Here is hierarchy we're going to be using: results page > bracket > match > fighter.

### 3.1. <a name='31'>Define and validate helper functions</a>
(<a href='#0'>Go to top</a>)

Functions to get the bracket list, the match details and the podium from the results page using BeautifulSoup:

In [132]:
def get_brackets(url):
    r = requests.get(url)
    soup = BeautifulSoup(r.content, 'html.parser')
    return soup.findAll('div', attrs = {'class': 'bracket-title'})

def get_matches(url):
    r = requests.get(url)
    soup = BeautifulSoup(r.content, 'html.parser')
    return soup.findAll('div', attrs = {'class': 'tournament-category__match'})

def get_podium(url):
    r = requests.get(url)
    soup = BeautifulSoup(r.content, 'html.parser')
    return soup.find('div', attrs = {'class': 'podium'})

def get_podiumranks(podium):
    return podium.findAll('span', attrs = {'class': 'podium__place'})

def get_podiumnames(podium):
    return podium.findAll('div', attrs = {'class': 'podium__competitor-name'})

def get_podiumclubs(podium):
    return podium.findAll('div', attrs = {'class': 'podium__club-name'})
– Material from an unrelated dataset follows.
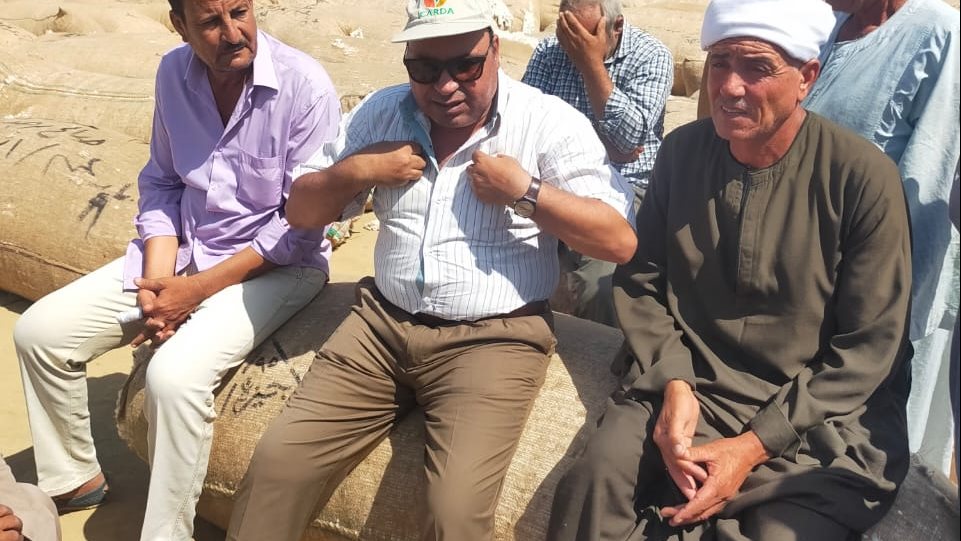 وكيل وزارة الزراعة بالفيوم مع المزارعين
def match_to_bracket_map(url):
    r = requests.get(url)
    soup = BeautifulSoup(r.content, 'html.parser')
    return soup.findAll('div', attrs = {'class': 'tournament-category__bracket tournament-category__bracket-15'})
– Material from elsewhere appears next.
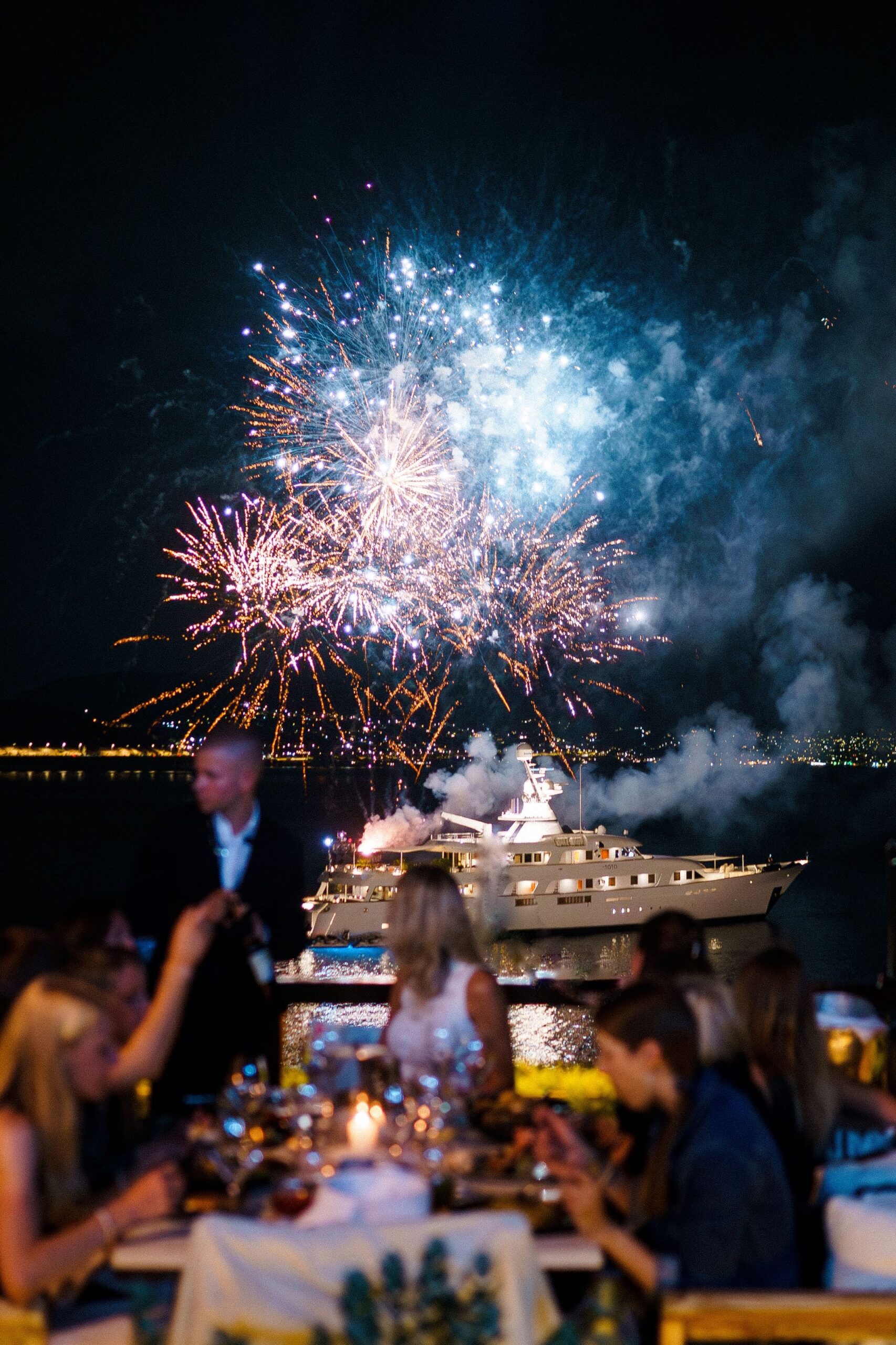 Το Island club restaurant καλωσορίζει τα summer nights στις 9 Μαΐου-7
Functions to extract readable terms from the HTML using regex:

In [133]:
def extract_bracket_name(bracket_item):
    return (re.search('(<div class="bracket-title">)(.+)(</div>)', str(bracket_item))
            .group(2))

def extract_fightno(match_item):
    try:
        return (re.search('(<span class="bracket-match-header__fight">)(.+)(:</span> )(.+)(</div>\n<div class="bracket-match-header__when">)(.+)(</div>)'
                      , str(match_item)).group(2).lower())
    except AttributeError:
        pass

def extract_matno(match_item):
    try:
        return (re.search('(<span class="bracket-match-header__fight">)(.+)(:</span> )(.+)(</div>\n<div class="bracket-match-header__when">)(.+)(</div>)'
                      , str(match_item)).group(4).lower())
    except AttributeError:
        pass
    
def extract_datetime(match_item):
    try:
        return (re.search('(<span class="bracket-match-header__fight">)(.+)(:</span> )(.+)(</div>\n<div class="bracket-match-header__when">)(.+)(</div>)'
                      , str(match_item)).group(6).lower())
    except AttributeError:
        pass
    
def extract_losername(match_item):
    try:
        return (re.search('(<span class="match-card__competitor-description match-competitor--loser">\n<div class="match-card__competitor-name">)(.+)(</div>\n<div class="match-card__club-name">)(.+)(</div>)'
                      , str(match_item)).group(2))
    except AttributeError:
        pass
    
def extract_loserclub(match_item):
    try:
        return (re.search('(<span class="match-card__competitor-description match-competitor--loser">\n<div class="match-card__competitor-name">)(.+)(</div>\n<div class="match-card__club-name">)(.+)(</div>)'
                      , str(match_item)).group(4))
    except AttributeError:
        pass
    
def extract_winnername(match_item):
    try:
        return (re.search('(<span class="match-card__competitor-description">\n<div class="match-card__competitor-name">)(.+)(</div>\n<div class="match-card__club-name">)(.+)(</div>)'
                      , str(match_item)).group(2))
    except AttributeError:
        pass
    
def extract_winnerclub(match_item):
    try:
        return (re.search('(<span class="match-card__competitor-description">\n<div class="match-card__competitor-name">)(.+)(</div>\n<div class="match-card__club-name">)(.+)(</div>)'
                      , str(match_item)).group(4))
    except AttributeError:
        pass
    
def extract_winnername(match_item):
    try:
        return (re.search('(<span class="match-card__competitor-description">\n<div class="match-card__competitor-name">)(.+)(</div>\n<div class="match-card__club-name">)(.+)(</div>)'
                      , str(match_item)).group(2))
    except AttributeError:
        pass
    
def extract_bye(match_item): # https://en.wikipedia.org/wiki/Bye_(sports)
    try:
        return (re.search('(<div class="match-card__bye">)(.+)(</div>)'
                      , str(match_item)).group(2))
    except AttributeError:
        pass
    
def extract_podiumrank(podium_item):
    try:
        return (re.search('(<span class="podium__place">)(\d+)(</span>)'
                      , str(podium_item)).group(2))
    except AttributeError:
        pass
    
def extract_podiumname(podium_item):
    try:
        return (re.search('(<div class="podium__competitor-name">)(.+)(</div>)'
                      , str(podium_item)).group(2))
    except AttributeError:
        pass
    
def extract_podiumclub(podium_item):
    try:
        return (re.search('(<div class="podium__club-name">)(.+)(</div>)'
                      , str(podium_item)).group(2))
    except AttributeError:
        pass

Here are examples of what the functions above do:

In [134]:
for url in ['https://www.bjjcompsystem.com/tournaments/1985/categories/2139176'
            , 'https://www.bjjcompsystem.com/tournaments/1985/categories/2139091']:

    print('\n ===================== PAGE {} ====================='.format(url))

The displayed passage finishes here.